- **PROBLEM REQUIREMENTS**
Only the pictures are to be left out; please reproduce everything else in the data exactly.

- **PROVIDED MATERIAL**
◇ ◇ ◇ ◇ ◇
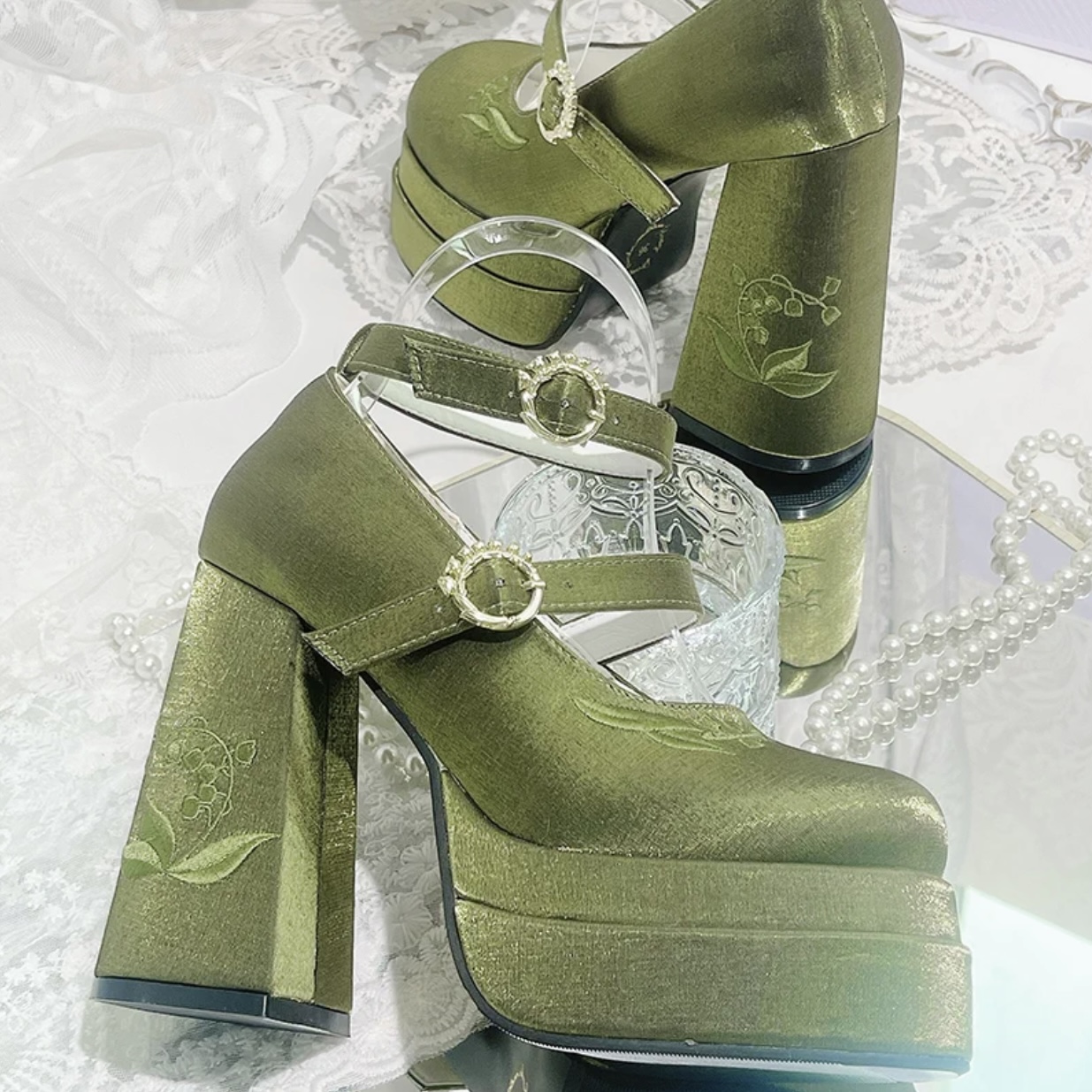 Satin Mary Jane Shoes X Dreamland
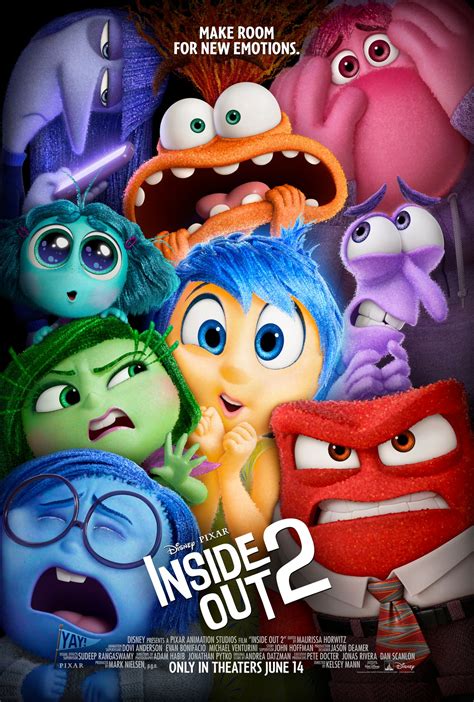 emotions in inside out 1 and 2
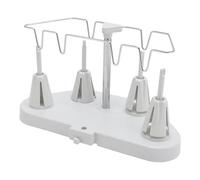 Hamwesh Garnständer mit 4 Spulen, Höhenverstellbar, Trapezförmig, Effizient, Flexibel, Stabil, Garnrollenhalter, Garnhalter mit Beweglichem Drahtrahmen für FY505 und Andere Multifunktionale Haushalte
◇ ◇ ◇ ◇ ◇
- **ANSWER FOR THE TASK**
 Satin Mary Jane Shoes X Dreamland
 emotions in inside out 1 and 2
 Hamwesh Garnständer mit 4 Spulen, Höhenverstellbar, Trapezförmig, Effizient, Flexibel, Stabil, Garnrollenhalter, Garnhalter mit Beweglichem Drahtrahmen für FY505 und Andere Multifunktionale Haushalte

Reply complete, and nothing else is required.